We also found the “Child Care and Development Block Grant Act” where it describes on page 3 under section 2 Policies and Procedures subpart D; Monitoring and Inspection Reports:

“[…] will make public by electronic means, in a consumer-friendly and easily accessible format, organized by provider, the results of monitoring and inspection reports, including those due to major substantiated complaints about failure to comply with this subchapter and State child care policies, as well as the number of deaths, serious injuries, and instances of substantiated child abuse that occurred in child care settings each year, for eligible child care providers within the State. The results shall also include information on the date of such an inspection, and, where applicable, information on corrective action taken.”

Based on the above verbiage, it does not appear the CCDBG intends for self-reports and non-parental, unsubstantiated complaint investigations to be included on compliance reports.  Also, as previously stated, Childcare Policy 96-08 specifically mentions “once the Office has made a determination, if substantiated, it will be reflected on the profile page associated with the program in question” and families that are “simply researching child care programs for placement purposes shall not be given unsubstantiated complaint information” on pages 2 and 3 respectively.  

In addition, OCFS policy document number 20-01 states on page 4 in the last paragraph: 

“When a serious incident and/or injury is reported to the Office that contains allegations of a regulatory violation(s), an investigation will be initiated.

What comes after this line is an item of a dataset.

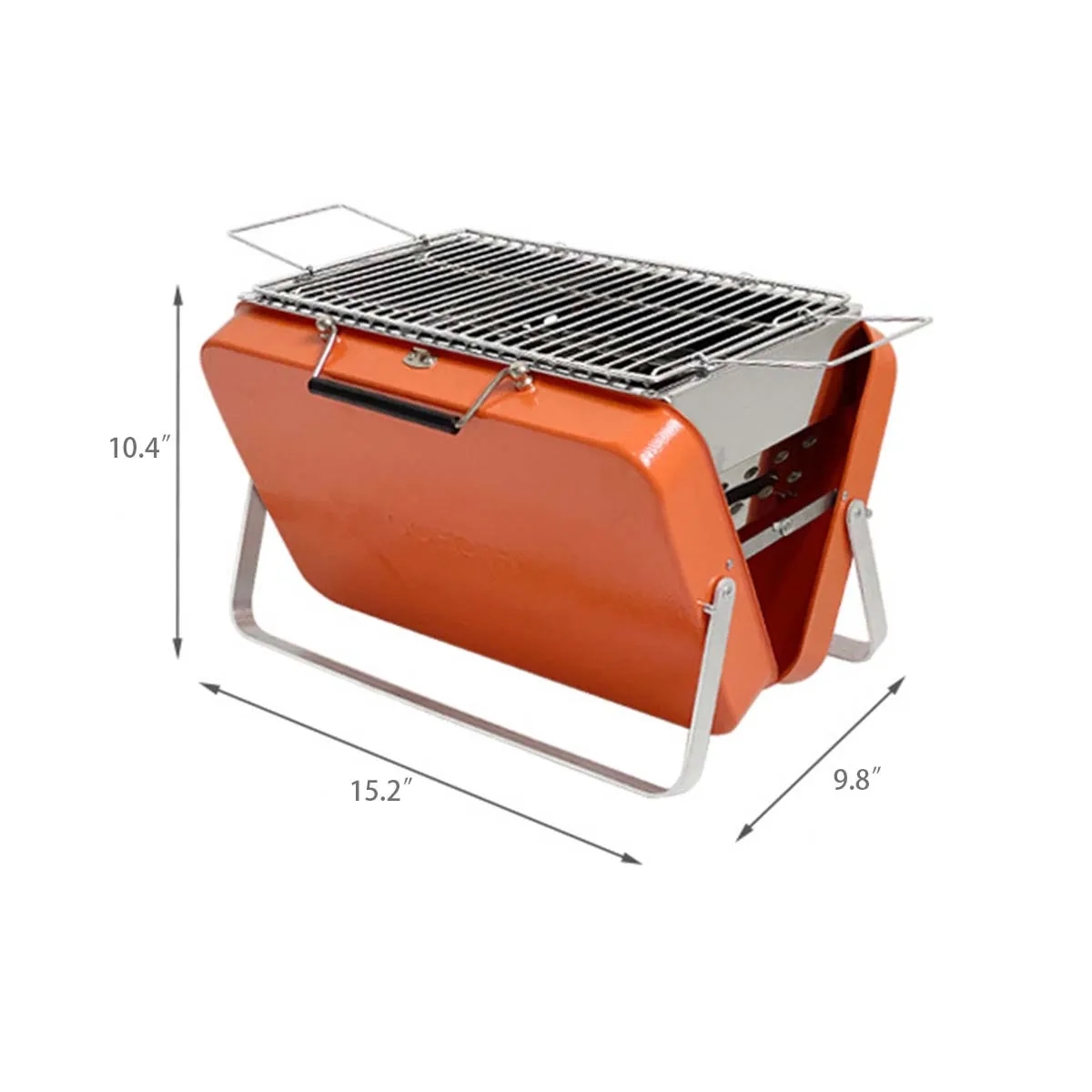 3-5 People Portable Compact Charcoal Folding Metal Grill 4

A regulator will conduct an onsite inspection, provide technical assistance, and follow agency protocols if areas of regulatory non-compliance are identified.”  There have been self-reports that did not contain allegations of regulatory violations, still resulted in onsite inspections, concluded without violations found, and are still reported (see sample inspection report attached).

Again, we respect and understand that regulations exist for the protection and health and safety of children.  You are correct that we all share the same goals of having high-quality, safe, and healthy child care options available to the children and families in New York State.  We are all doing our best to operate compliant, safe, healthy, enriching programs for children and families and while this may seem like semantics, it is the reputations of the businesses we were passionate and ambitious enough to create and are trying to uphold with some dignity.  We pride ourselves on creating and managing quality programs and are requesting that our compliance reports accurately reflect our efforts by removing unsubstantiated complaints and self-reports without violations that, according to policy statement 20-01, should not have triggered an inspection anyway.

We look forward to feedback and additional responses from the legal department and improvements to the current regulatory system and practices.  Thank you.